EXERCISE → With the pictures omitted, print exactly the lines below, from the one containing "Serre-livre One Piece" through the one containing "Brilliant Silver Metallic", and nothing else.

DATA PROVIDED →
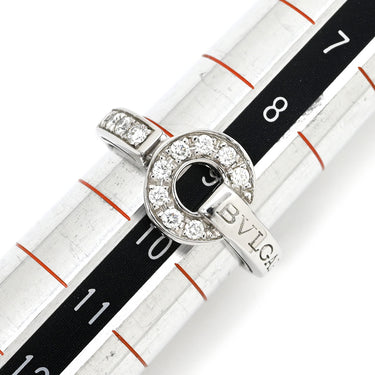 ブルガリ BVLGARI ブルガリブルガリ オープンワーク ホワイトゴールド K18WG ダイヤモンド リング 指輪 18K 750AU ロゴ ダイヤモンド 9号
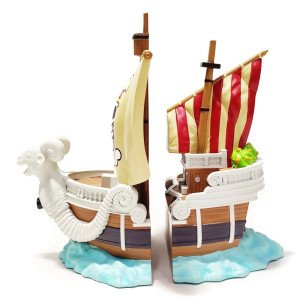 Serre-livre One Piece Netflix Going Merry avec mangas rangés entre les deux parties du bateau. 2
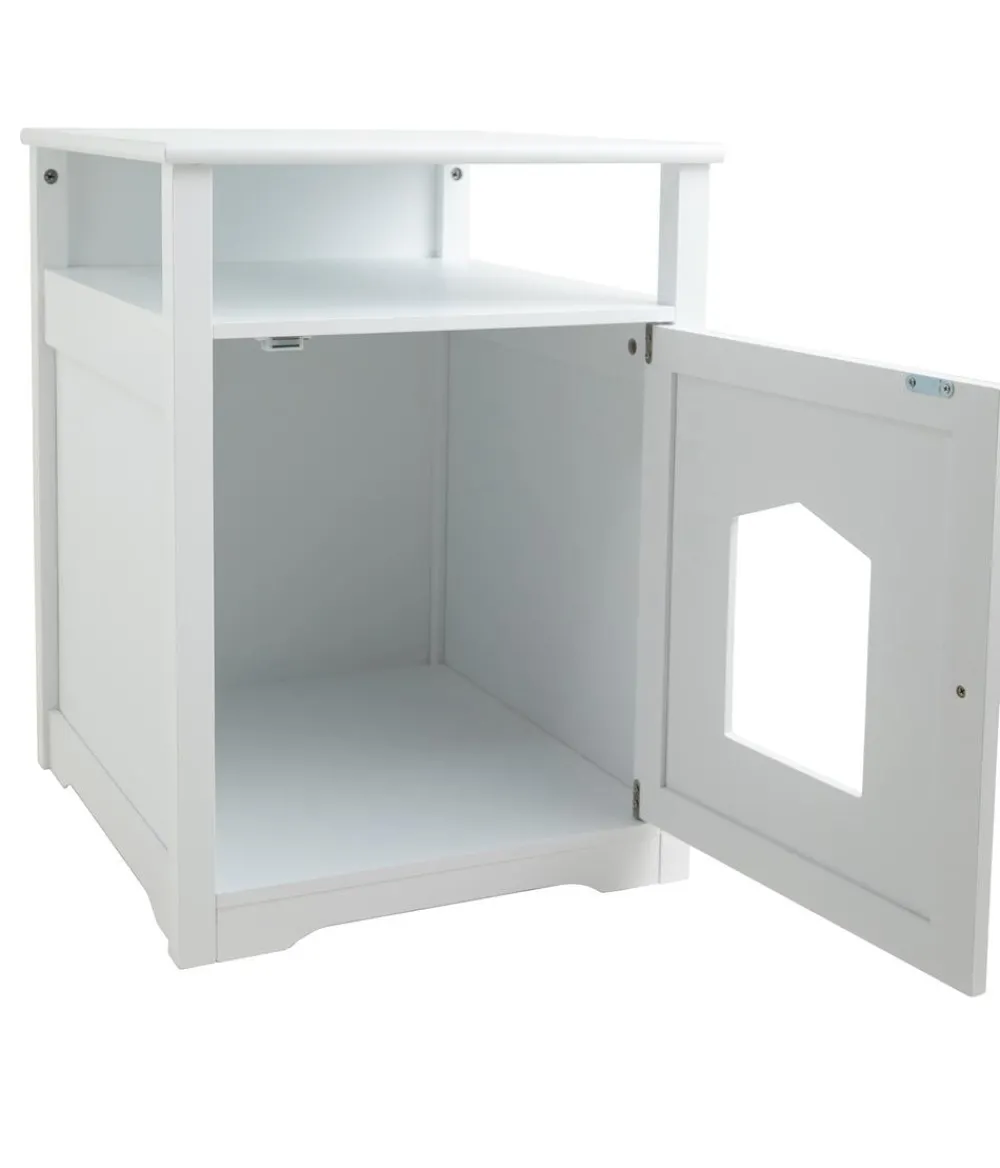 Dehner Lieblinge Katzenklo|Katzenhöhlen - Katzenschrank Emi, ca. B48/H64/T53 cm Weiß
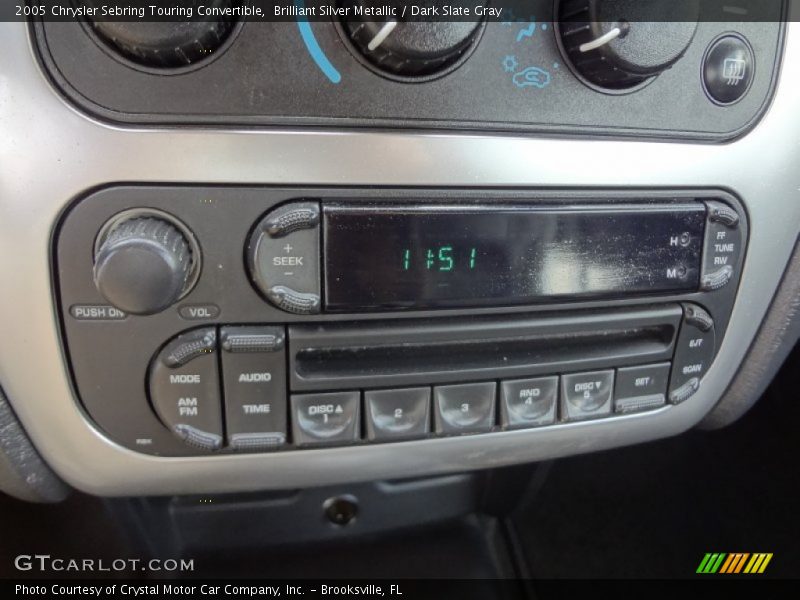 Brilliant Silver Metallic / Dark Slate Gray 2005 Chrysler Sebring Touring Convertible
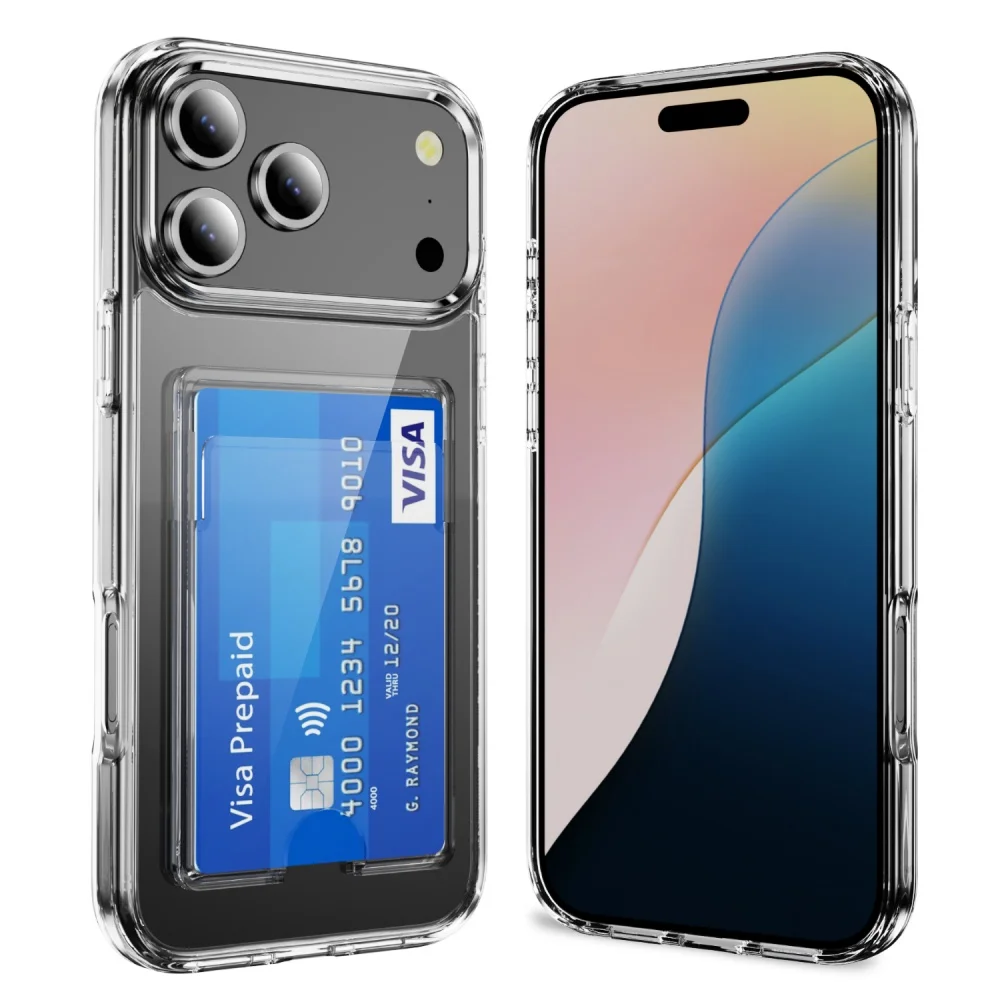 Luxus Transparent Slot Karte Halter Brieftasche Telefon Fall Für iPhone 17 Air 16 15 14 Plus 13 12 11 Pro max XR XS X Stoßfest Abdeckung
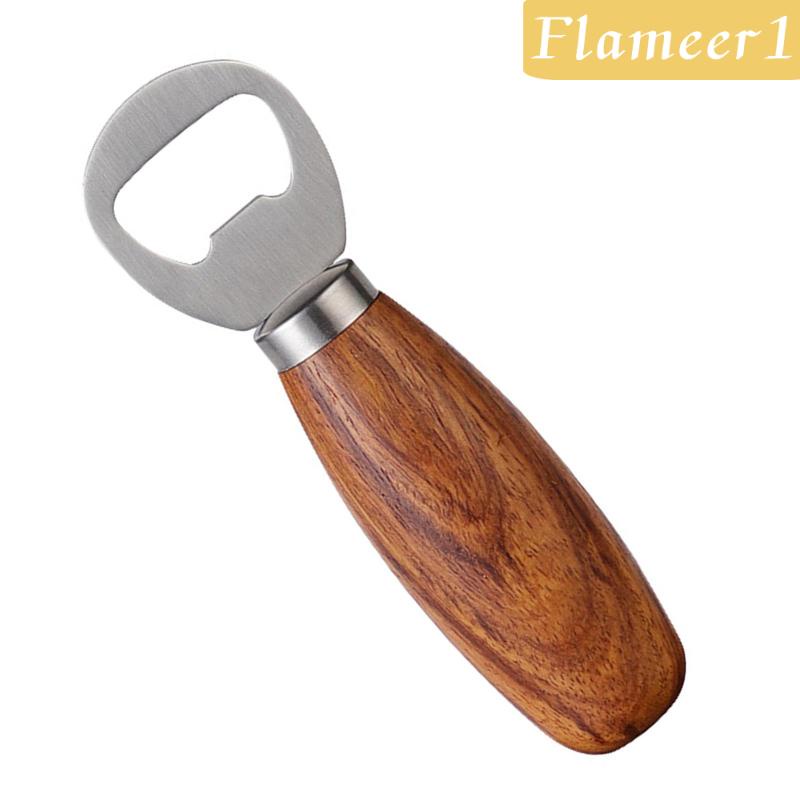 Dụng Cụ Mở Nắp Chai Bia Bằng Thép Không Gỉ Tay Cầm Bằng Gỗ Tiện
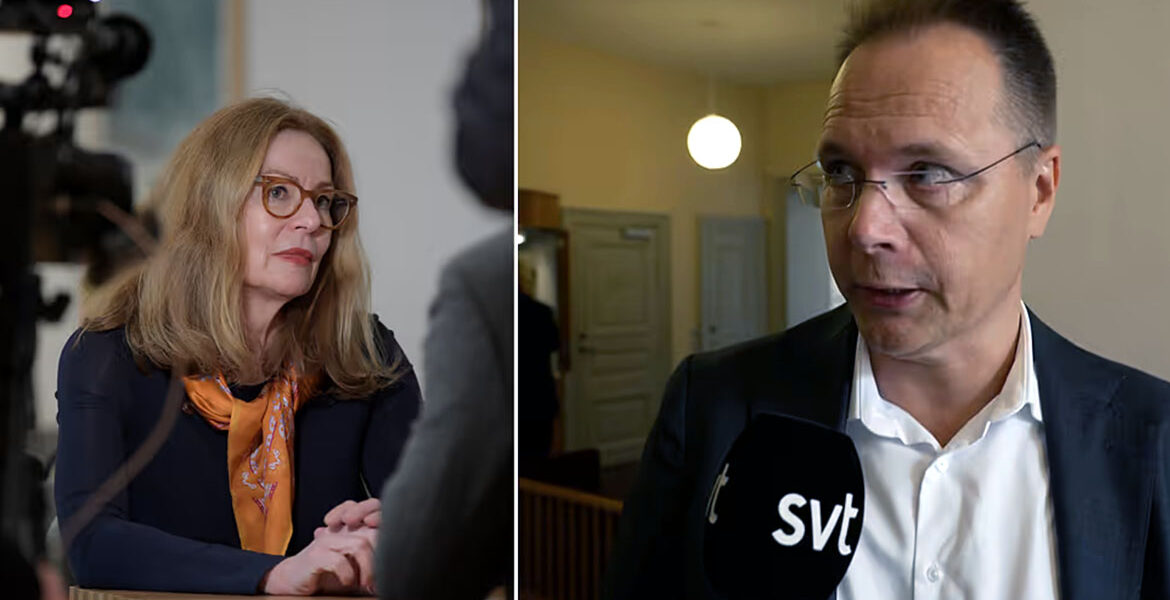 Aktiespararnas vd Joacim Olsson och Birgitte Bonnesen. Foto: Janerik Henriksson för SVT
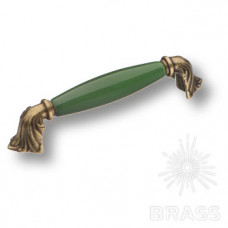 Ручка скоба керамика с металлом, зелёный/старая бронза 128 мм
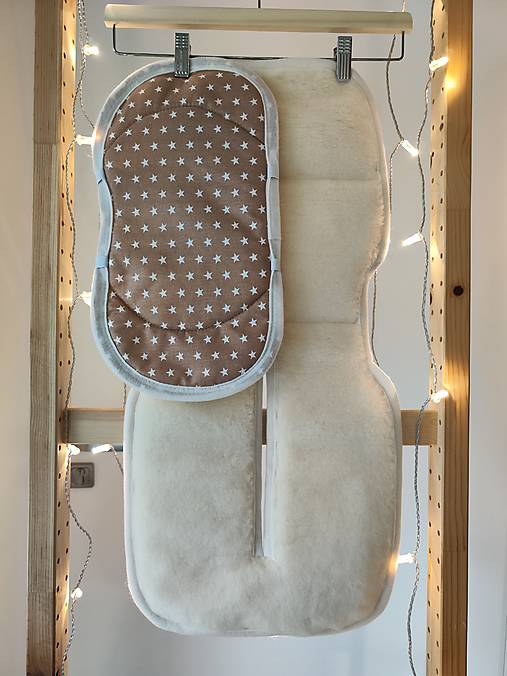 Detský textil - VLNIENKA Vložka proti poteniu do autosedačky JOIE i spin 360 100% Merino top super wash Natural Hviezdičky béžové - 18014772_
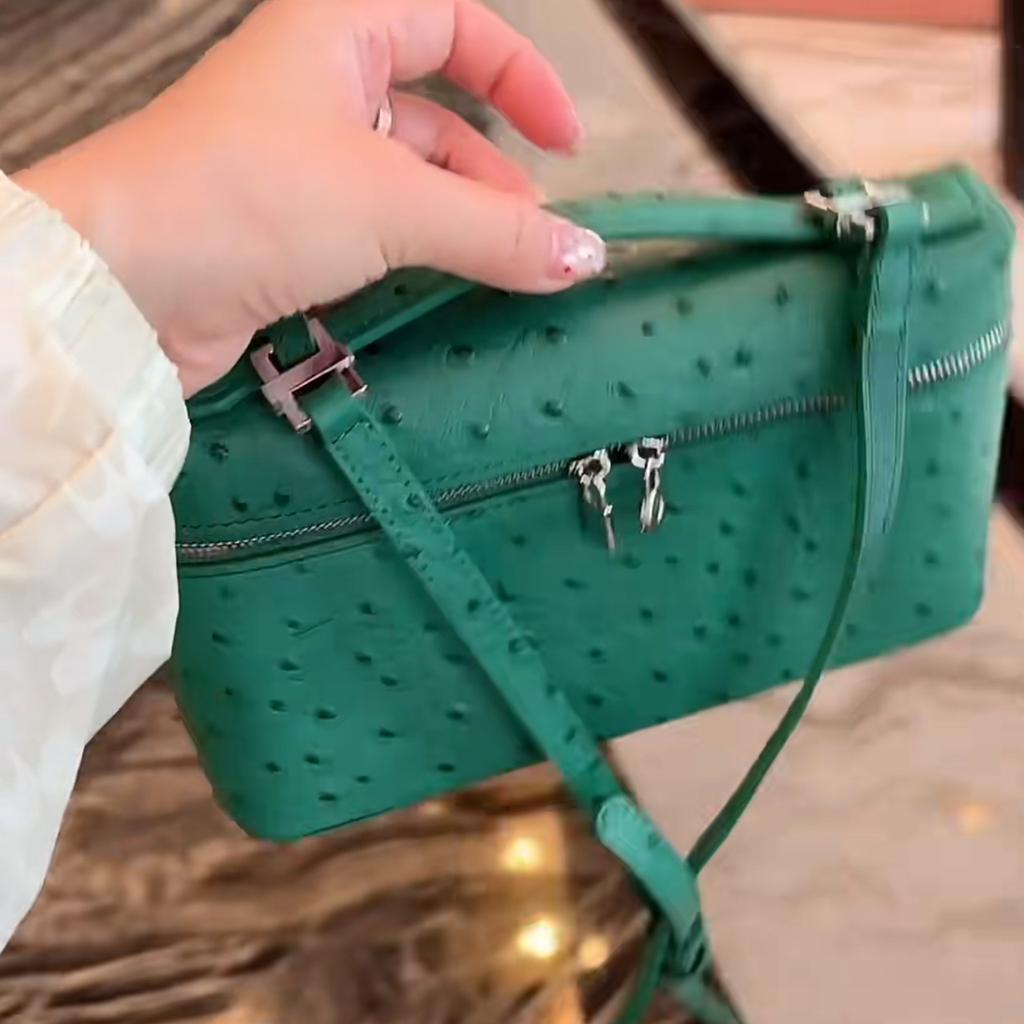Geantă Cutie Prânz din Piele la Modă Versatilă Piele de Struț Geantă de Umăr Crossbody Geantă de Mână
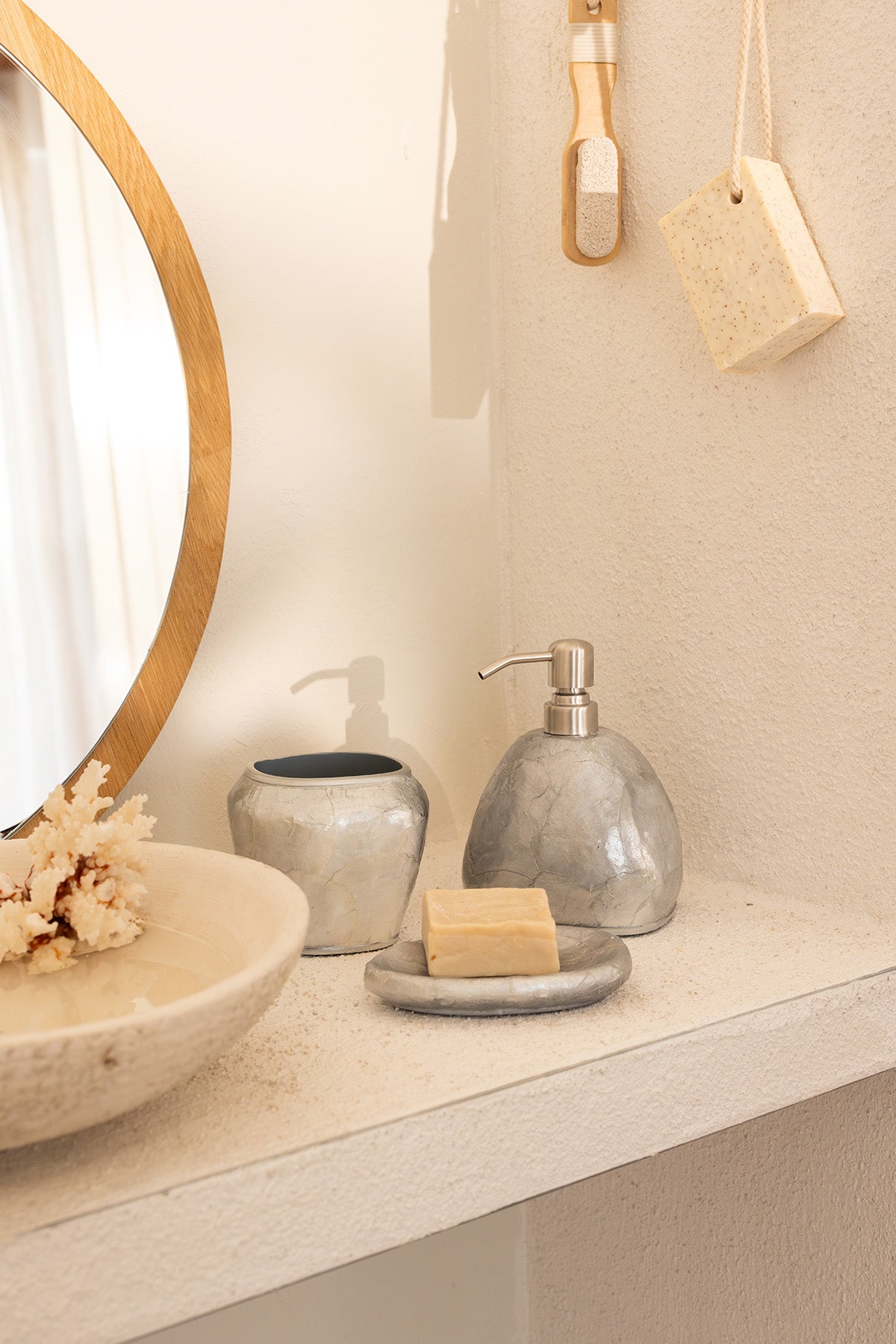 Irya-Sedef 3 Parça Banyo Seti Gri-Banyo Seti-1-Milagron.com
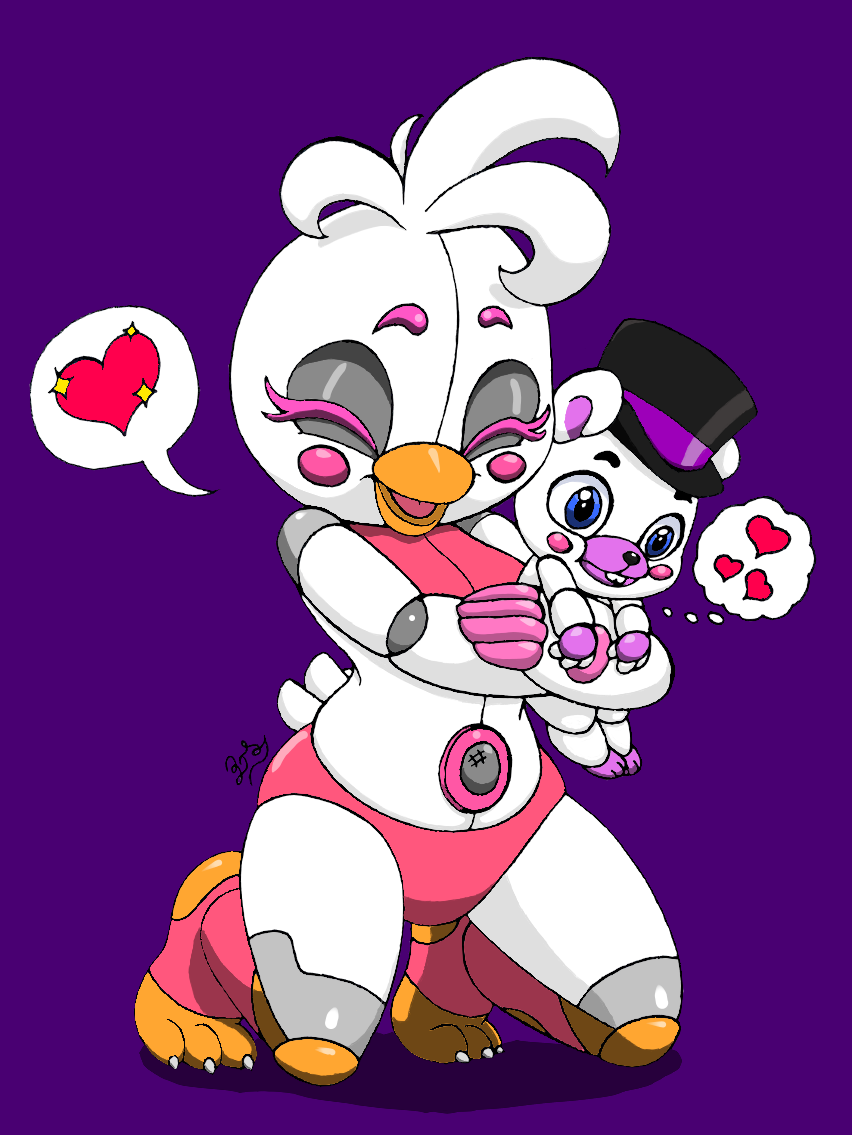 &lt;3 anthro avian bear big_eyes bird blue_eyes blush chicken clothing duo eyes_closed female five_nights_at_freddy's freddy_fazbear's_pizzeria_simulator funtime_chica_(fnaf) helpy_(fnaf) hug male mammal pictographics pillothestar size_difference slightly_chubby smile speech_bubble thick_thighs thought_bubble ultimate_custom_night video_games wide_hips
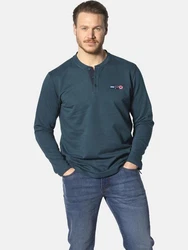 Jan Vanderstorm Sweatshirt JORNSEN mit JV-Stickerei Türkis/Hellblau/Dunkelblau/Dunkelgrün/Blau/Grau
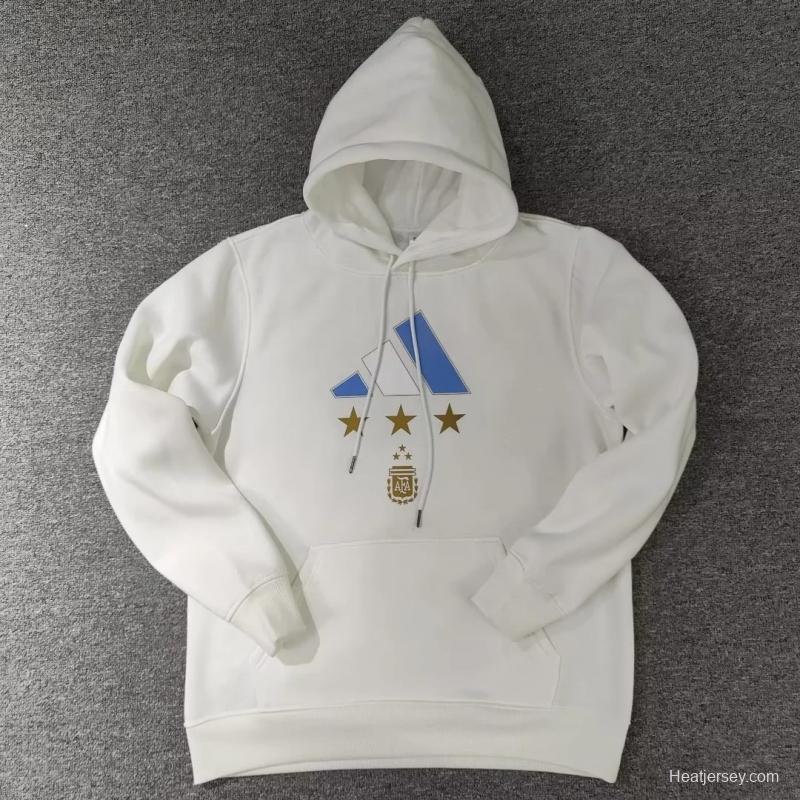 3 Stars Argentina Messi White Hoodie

WRITTEN RESPONSE →
 Serre-livre One Piece Netflix Going Merry avec mangas rangés entre les deux parties du bateau. 2
 Dehner Lieblinge Katzenklo|Katzenhöhlen - Katzenschrank Emi, ca. B48/H64/T53 cm Weiß
 Brilliant Silver Metallic / Dark Slate Gray 2005 Chrysler Sebring Touring Convertible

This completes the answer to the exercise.